Theoretical Framework of the DUET Algorithm
The Degenerate Unmixing Estimation Technique (DUET) is a popular method for Blind Source Separation (BSS) when the number of sources exceeds the number of sensors (the underdetermined case). It relies on the assumption of W-disjoint orthogonality, which posits that the time-frequency representations of multiple sources do not overlap significantly. In a two-channel setup, the mixing model can be expressed as:
x1(t) = Σ s_i(t)
x2(t) = Σ a_i * s_i(t - d_i)
Where a_i represents the relative attenuation and d_i represents the relative time delay of the i-th source. By transforming the signals into the Short-Time Fourier Transform (STFT) domain, we can estimate these parameters at each time-frequency point.

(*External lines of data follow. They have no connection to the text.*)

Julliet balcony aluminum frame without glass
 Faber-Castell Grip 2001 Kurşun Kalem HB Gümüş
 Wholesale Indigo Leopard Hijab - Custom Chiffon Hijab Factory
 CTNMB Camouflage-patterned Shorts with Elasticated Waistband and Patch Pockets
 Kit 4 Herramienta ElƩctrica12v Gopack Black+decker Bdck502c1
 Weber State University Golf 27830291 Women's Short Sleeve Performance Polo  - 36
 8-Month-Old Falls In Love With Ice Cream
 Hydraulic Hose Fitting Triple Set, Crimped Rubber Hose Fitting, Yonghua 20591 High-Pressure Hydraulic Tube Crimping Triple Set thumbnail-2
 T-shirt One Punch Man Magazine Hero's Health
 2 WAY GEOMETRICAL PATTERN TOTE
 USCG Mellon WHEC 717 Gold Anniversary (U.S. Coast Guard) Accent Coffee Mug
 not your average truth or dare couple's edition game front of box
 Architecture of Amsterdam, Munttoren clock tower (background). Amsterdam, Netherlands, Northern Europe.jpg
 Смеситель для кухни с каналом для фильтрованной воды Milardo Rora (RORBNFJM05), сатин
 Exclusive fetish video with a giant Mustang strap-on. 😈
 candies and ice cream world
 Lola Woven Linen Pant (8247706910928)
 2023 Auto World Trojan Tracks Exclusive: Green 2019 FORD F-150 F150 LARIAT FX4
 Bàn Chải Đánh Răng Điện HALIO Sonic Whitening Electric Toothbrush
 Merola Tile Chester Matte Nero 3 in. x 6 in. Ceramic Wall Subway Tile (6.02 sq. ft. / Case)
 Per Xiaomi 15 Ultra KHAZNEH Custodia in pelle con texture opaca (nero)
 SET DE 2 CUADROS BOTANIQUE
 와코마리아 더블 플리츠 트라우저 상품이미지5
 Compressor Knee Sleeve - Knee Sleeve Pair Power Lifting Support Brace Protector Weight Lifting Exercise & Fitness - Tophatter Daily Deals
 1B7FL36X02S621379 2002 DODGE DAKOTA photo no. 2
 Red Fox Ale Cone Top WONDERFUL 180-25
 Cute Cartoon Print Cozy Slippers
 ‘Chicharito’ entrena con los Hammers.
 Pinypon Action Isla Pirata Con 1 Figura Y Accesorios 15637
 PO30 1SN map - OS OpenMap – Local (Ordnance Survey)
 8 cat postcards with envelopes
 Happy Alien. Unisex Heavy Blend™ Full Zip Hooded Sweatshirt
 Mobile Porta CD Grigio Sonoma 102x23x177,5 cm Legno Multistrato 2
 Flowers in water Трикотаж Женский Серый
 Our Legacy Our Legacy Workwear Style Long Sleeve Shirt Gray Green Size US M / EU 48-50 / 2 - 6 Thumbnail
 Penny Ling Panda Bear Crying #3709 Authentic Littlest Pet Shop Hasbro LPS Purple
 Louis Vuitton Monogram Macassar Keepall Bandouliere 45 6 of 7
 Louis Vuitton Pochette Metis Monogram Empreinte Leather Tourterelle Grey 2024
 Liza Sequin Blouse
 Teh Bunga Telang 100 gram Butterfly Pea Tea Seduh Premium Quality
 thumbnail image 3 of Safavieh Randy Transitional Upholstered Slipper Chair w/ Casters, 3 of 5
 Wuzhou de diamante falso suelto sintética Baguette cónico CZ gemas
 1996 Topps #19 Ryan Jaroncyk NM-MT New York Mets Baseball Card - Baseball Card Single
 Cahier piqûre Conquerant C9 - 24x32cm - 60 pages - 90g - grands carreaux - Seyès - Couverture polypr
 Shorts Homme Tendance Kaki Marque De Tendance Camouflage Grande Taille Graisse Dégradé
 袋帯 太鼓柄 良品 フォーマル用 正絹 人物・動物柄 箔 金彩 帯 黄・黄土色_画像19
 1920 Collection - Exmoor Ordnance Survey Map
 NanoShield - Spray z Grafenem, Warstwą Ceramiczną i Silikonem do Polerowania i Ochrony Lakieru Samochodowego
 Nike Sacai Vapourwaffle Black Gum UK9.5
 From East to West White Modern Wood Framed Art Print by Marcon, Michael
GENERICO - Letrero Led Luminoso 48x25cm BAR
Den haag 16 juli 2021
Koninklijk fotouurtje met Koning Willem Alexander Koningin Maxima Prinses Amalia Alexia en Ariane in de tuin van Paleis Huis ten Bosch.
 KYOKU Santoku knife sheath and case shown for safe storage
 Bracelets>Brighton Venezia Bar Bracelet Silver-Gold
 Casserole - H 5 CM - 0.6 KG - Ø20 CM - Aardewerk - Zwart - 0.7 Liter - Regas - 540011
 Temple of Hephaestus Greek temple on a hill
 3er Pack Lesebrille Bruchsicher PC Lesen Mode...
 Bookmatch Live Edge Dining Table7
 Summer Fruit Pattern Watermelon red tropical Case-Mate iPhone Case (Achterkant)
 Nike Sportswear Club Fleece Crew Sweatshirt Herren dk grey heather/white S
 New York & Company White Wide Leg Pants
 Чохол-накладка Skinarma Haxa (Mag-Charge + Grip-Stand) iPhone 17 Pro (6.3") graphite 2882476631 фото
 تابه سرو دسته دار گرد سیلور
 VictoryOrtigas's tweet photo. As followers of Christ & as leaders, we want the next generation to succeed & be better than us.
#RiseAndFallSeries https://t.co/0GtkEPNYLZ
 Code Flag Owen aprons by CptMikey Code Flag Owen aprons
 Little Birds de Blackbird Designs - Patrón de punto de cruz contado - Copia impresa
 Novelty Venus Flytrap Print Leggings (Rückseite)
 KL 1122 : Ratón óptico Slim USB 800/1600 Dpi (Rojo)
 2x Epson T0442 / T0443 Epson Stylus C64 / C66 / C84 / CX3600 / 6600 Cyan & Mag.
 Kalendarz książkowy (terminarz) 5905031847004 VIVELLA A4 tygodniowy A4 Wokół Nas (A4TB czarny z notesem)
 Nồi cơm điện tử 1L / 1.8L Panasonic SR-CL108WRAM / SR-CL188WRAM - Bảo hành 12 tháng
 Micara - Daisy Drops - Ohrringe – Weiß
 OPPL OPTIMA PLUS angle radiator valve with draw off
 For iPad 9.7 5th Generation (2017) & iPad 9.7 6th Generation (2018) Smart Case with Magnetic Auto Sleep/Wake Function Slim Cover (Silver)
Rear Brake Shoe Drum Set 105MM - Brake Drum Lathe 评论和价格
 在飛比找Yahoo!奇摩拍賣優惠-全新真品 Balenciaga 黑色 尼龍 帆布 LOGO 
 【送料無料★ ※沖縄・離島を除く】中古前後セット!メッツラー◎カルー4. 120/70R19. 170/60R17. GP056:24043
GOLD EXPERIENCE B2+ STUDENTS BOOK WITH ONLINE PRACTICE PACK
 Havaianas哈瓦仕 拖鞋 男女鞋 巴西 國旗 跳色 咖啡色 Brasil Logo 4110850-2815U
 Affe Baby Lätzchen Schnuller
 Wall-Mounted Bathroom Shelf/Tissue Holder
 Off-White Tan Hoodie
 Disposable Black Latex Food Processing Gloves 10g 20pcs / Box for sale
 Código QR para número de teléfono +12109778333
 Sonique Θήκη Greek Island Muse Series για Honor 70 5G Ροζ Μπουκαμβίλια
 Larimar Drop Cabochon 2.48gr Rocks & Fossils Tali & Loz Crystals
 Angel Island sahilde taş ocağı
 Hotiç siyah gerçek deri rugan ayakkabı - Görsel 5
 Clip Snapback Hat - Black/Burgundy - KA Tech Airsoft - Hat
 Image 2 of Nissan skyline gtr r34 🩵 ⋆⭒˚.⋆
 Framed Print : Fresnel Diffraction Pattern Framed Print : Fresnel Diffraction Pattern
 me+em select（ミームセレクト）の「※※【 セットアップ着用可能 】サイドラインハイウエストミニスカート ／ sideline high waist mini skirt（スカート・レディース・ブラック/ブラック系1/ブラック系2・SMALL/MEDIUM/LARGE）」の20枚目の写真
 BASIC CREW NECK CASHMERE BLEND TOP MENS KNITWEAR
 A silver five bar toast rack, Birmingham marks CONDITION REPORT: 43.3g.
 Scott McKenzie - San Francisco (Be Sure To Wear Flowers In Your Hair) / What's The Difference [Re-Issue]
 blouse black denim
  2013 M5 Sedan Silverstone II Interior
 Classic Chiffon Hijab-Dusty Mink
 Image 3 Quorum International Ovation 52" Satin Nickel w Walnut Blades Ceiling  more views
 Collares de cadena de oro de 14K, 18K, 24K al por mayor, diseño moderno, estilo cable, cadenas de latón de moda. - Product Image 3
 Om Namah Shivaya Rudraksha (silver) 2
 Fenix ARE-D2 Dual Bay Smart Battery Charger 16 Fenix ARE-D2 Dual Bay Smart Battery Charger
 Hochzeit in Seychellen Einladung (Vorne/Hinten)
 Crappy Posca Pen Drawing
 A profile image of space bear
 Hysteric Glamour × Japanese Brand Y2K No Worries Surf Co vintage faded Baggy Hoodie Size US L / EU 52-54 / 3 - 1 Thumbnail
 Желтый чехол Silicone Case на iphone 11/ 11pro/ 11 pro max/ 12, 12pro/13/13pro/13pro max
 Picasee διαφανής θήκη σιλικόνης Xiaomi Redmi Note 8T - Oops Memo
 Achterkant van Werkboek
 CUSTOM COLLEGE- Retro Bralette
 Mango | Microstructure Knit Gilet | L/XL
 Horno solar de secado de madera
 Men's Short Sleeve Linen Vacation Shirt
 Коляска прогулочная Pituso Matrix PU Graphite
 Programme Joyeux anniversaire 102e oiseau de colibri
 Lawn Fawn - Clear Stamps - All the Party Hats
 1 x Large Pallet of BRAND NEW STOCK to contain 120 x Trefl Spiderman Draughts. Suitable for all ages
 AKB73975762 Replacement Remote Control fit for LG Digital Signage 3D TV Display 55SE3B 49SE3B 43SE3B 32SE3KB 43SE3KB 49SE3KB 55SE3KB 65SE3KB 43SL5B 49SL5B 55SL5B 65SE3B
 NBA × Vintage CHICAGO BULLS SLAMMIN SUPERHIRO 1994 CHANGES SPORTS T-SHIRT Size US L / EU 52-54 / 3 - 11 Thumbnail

Step-by-Step MATLAB Implementation
1. Signal Transformation and Preprocessing
First, we convert the time-domain mixture into the time-frequency domain using STFT. We utilize a Hamming window and define specific FFT lengths to balance frequency resolution and temporal localization.
% Load stereo mixture
[input_sig, sampling_rate] = audioread('mixture_signal.wav');
ch1 = input_sig(:, 1);
ch2 = input_sig(:, 2);
% STFT Configuration
w_size = 1024;
hop_size = 512;
n_fft = 2048;
[S1, F_axis, T_axis] = stft(ch1, sampling_rate, 'Window', hamming(w_size), 'OverlapLength', w_size - hop_size, 'FFTLength', n_fft);
[S2, ~, ~] = stft(ch2, sampling_rate, 'Window', hamming(w_size), 'OverlapLength', w_size - hop_size, 'FFTLength', n_fft);
2. Estimating Attenuation and Delay Parameters
At each time-frequency point (t, f), we calculate the complex ratio of the two channels. The magnitude of this ratio provides the attenuation, while the phase provides the delay informasion.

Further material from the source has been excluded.